Perhaps the students who take the math course have greater mathematical ability, which gets them into college, and our particular course doesn’t matter. 

However, there is one trick we can use to get rid of all confounders: 
- We assume that students who get 79% and 81% are almost exactly the same, statistically speaking — they don’t really differ in mathematical ability. 
- The only way in which they differ is that the 81%ers got into the class and the 79%ers didn’t. 
- So, we can perform the following regression: 
    - The test score as the `“Running Variable”`
    - The 80% value as the `“Cutoff.”` 
    - `“Treated”` refers to whether we are above the `cutoff` (`1` if so, `0` if not), 
    - “(`Running` - `Cutoff`) x `Treated`” is just the product of the two. (It is used to detect any change in slope after the cutoff.) 
    
    
This regression assumes that there may be a linear relationship between the outcome $Y$ and the running variable and that this linear relationship may differ before and after the cutoff. However, we assume that any quadratic relationship (or higher polynomial terms) is not worth modeling here. 

$ Y \; = \; \beta_0 + \beta_1 (\text{Running - Cutoff}) + \beta_2 \cdot \text{Treated} + \beta_3 (\text{Running - Cutoff}) \cdot \text{Treated} + \epsilon$

Or

$ Y \; = \;  \beta_0 + \beta_1 (\text{Test Score - Cutoff}) +  \beta_2 \cdot \text{Takes Course} + \beta_3 (\text{Test Score - Cutoff}) \cdot \text{Takes Course} + \epsilon$

If we used a very narrow window before and after the Cutoff (say, 79.9% to 80.1%) then it is unlikely that we would need $\beta_1$ or $\beta_2$ at all — the range of the running variable (test score) would be so small that no effect would exist. 

However, this would require us to have an enormous amount of data. 

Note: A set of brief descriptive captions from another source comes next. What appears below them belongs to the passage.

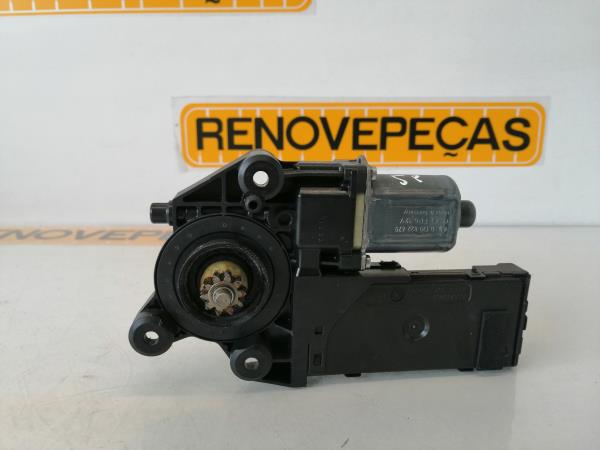 Motor Elevador Porta Frente Esq RENAULT MEGANE III Hatchback (BZ0/1_) | 08 - Imagem-2 Motor Elevador Porta Frente Esq RENAULT MEGANE III Hatchback (BZ0/1_) | 08 - Imagem-2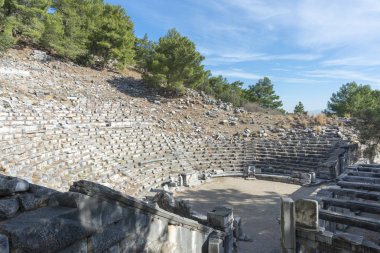 Priene, Menderes (Maeander) Nehri'nin yaklaşık 0 km kuzeyinde ve Ege Denizi'nin 16 km iç kesiminde, Türkiye'nin güneybatısında, İonia Antik Kenti.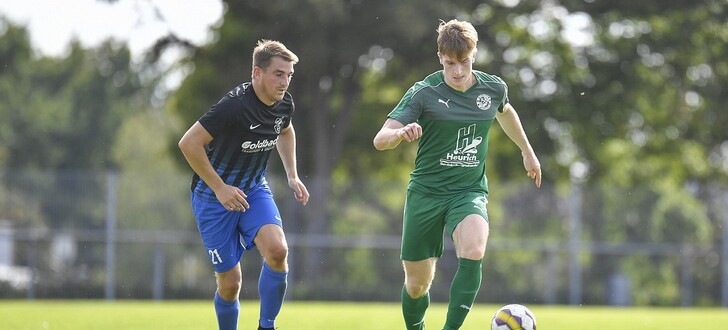 Blendend aufgelegt: Tim Stenger (r.) schoss drei Tore in Schwarzbach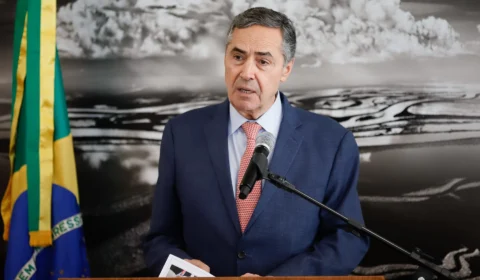 Barroso autoriza governador do Acre a passar o ano novo com irmãos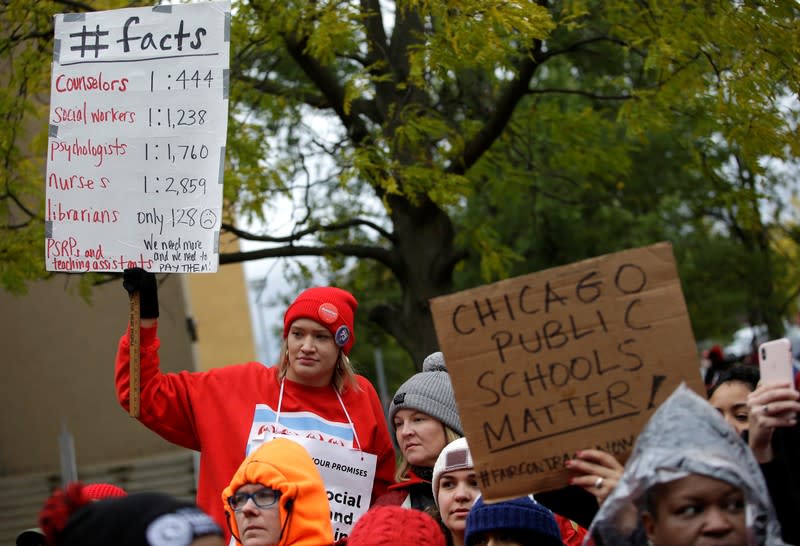 Striking teachers on picket line wait for Democratic presidential candidate Senator Elizabeth Warren to arrive in Chicago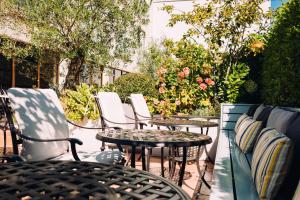 een groep stoelen en tafels op een patio bij The Club Hotel & Spa Jersey in Saint Helier Jersey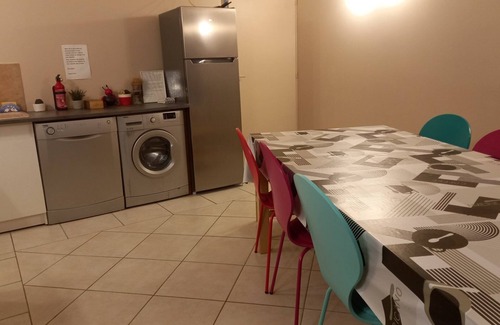 Cholet Cottage | Gîte 'Chez Gwen Et Flo' with Shared Terrace, Shared Garden, and Wi-Fi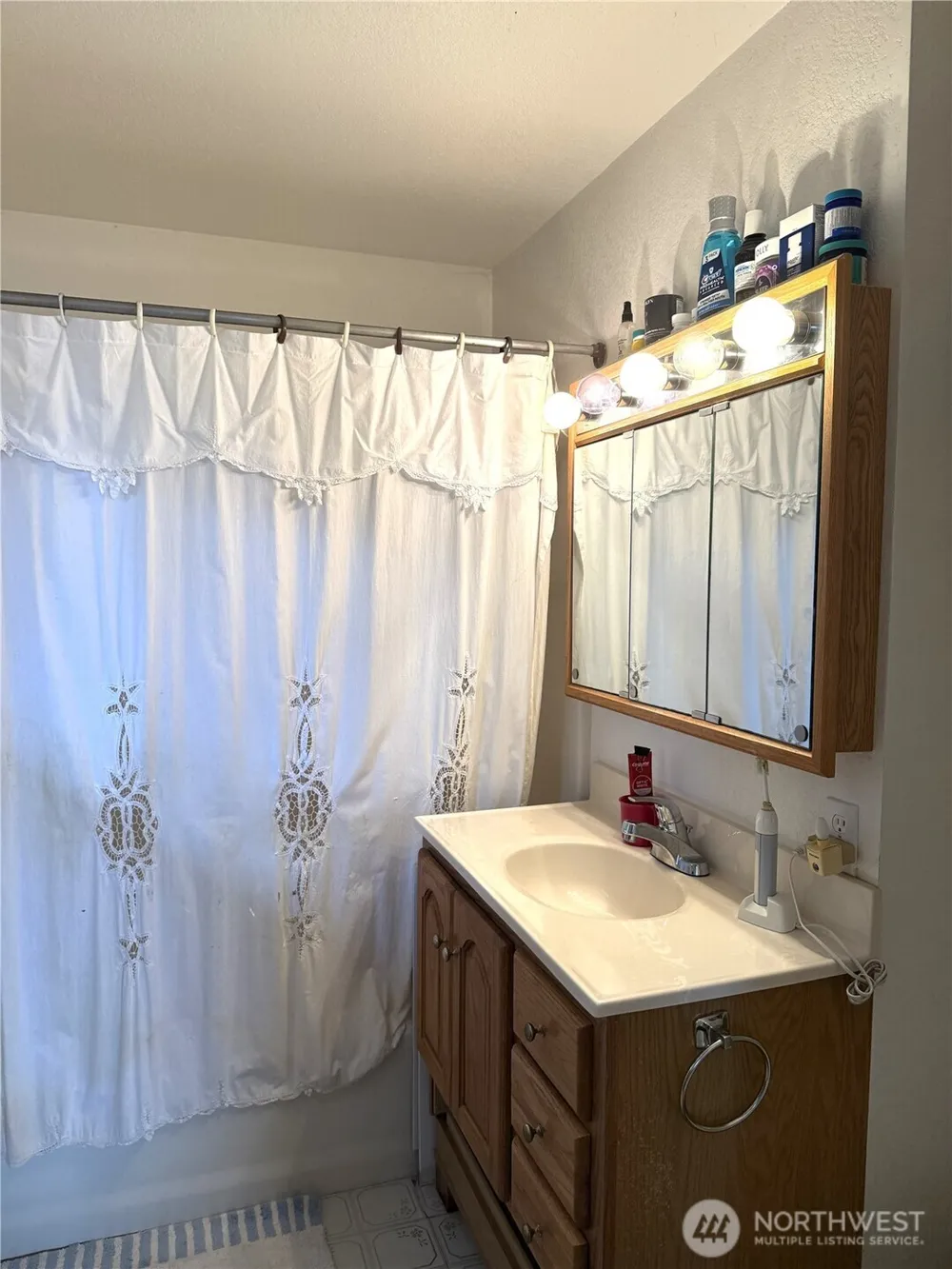 33304 j Place Ocean Park, WA 98640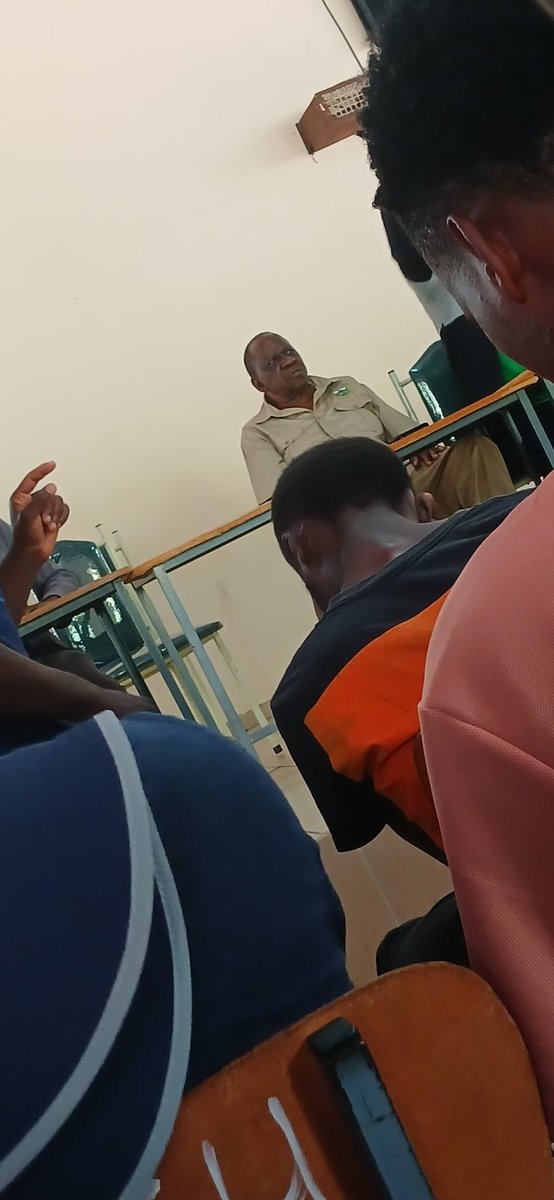 Zinasuzim's tweet image. THE VICE CHANCELLOR - R. J Zvobgo has come to listen to, and address the concerns raised by students regarding their safety! We demonstrate to dialogue, we demonstrate to come up with sustainable resolution! #StudentSafetyMatters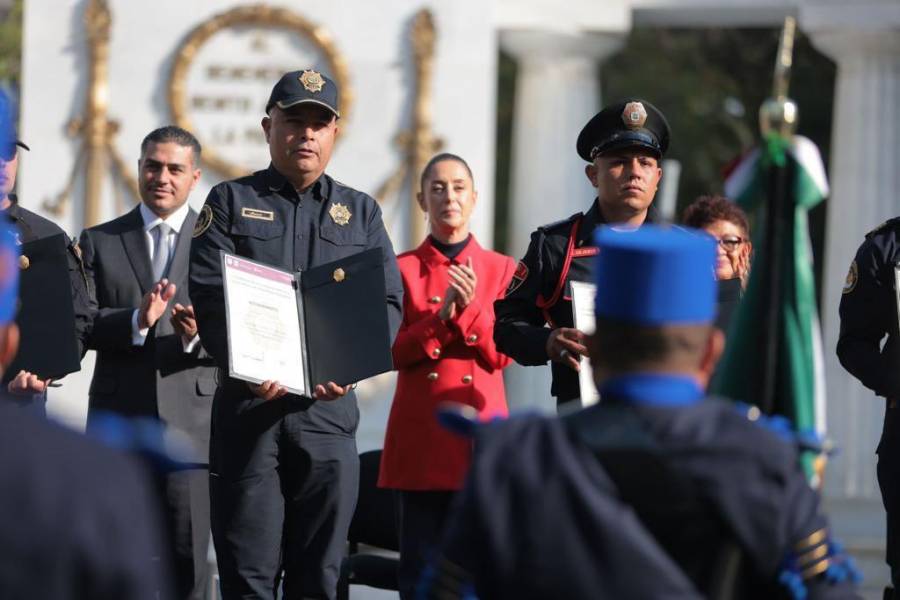 Tras desfile, Sheinbaum anunció aumento del 9% por ciento a salarios de policías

On the other hand, if we had less data, we could use a wider window around the cutoff and accept polynomial terms. Maybe we’d prefer a window of 75% to 85%. But this could also risk overfitting. 

## Knowledge Check: Instrumental Variables and Regression Discontinuity
1. Why might higher-order polynomial terms (e.g., quadratic, cubic) be avoided in a regression discontinuity design?
- They can lead to overfitting, especially when data near the cutoff is limited. 
- When data is limited, complex models lead to overfitting. Extra polynomial terms might make the model too complex. 
2. In the reading, why is weather ($Z$) a valid instrumental variable?
- Correct: Because it affects deer behavior but is uncorrelated with pesticide use and does not directly affect flowers.
- An instrumental variable must affect $X$ but must not directly affect $Y$ and must not affect confounders ($W$) at all. 
3. What is the tradeoff involved in choosing a very narrow window (e.g., 79.9% to 80.1%) around the cutoff in regression discontinuity design (RDD)?
- Correct: You avoid needing a regression model with a trend but require a much larger dataset.
- You no longer need a trend because the window is so short that the outcome doesn’t change very much except at the cutoff.